SimunKaracic · 2021-05-03T13:12:46Z

As usual, great work!
@ivantopo will also take a look at this in the next few days, just to make sure everything is ok, and we'll merge after that

ivantopo · 2021-05-05T20:55:38Z

Hey @pnerg! Thanks again for the dedication and contributions man 😍

Regarding this comment:

sum- representing the sum of all values seen in the distribution of the snapshot. Which is relevant to understand how many of something (e.g. connections) there has been measured in the interval

The sum will not really be "how many of something" in this case, specially not with a range sampler. For example, if you were measuring the number of open connections to a database with a range sampler and during a entire reporting interval there were exactly 10 open connections, the reported sum would be 9000 (summing the value "10" three times every 200ms for the whole minute).
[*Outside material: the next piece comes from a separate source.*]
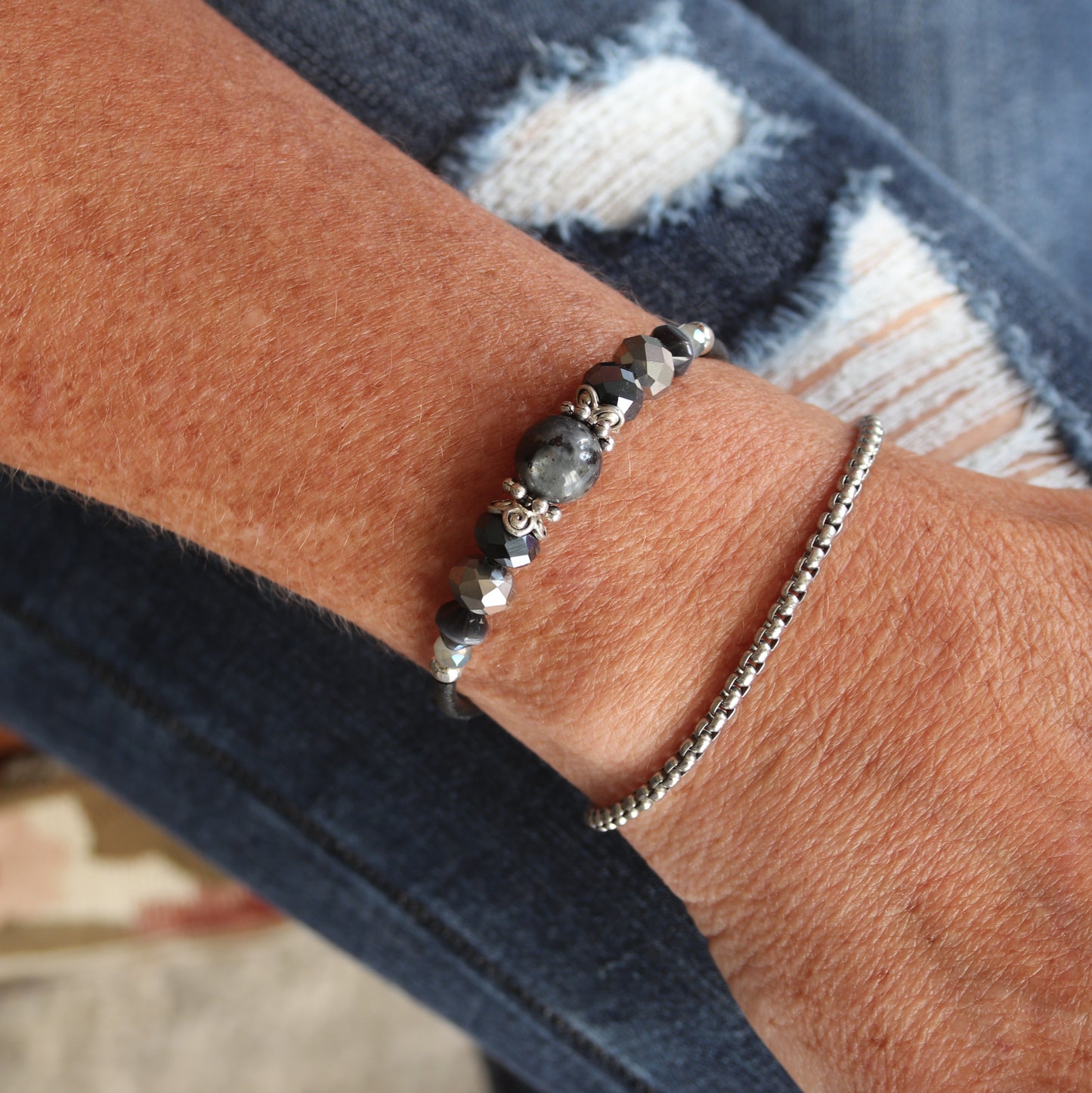 Wrap Bracelet & Earring Set - Larvikite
I'm working on a blog post related to range samplers here: https://github.com/kamon-io/kamon.io/blob/c825fb60e0a3646804246496b4c0af38663408a8/_posts/2021-04-29-monitoring-queues-and-resources-with-kamon-range-samplers.md and even though it needs some polishing, I'm sure it will help you understand the logic behind range samplers.

Probably adding count would be a good thing, so that sum/count at least gives the average of "something" tracked by the range sampler.. which happens to be very close to what summaries do in Prometheus.

Have you considered turning range samplers into a summary with q=0 for the min, q=1 for the max and maybe even a couple percentiles instead? I'm not saying that's should be done, but it is an idea that crossed my mind as I'm reasoning about this PR and how it fits the data and Prometheus practices.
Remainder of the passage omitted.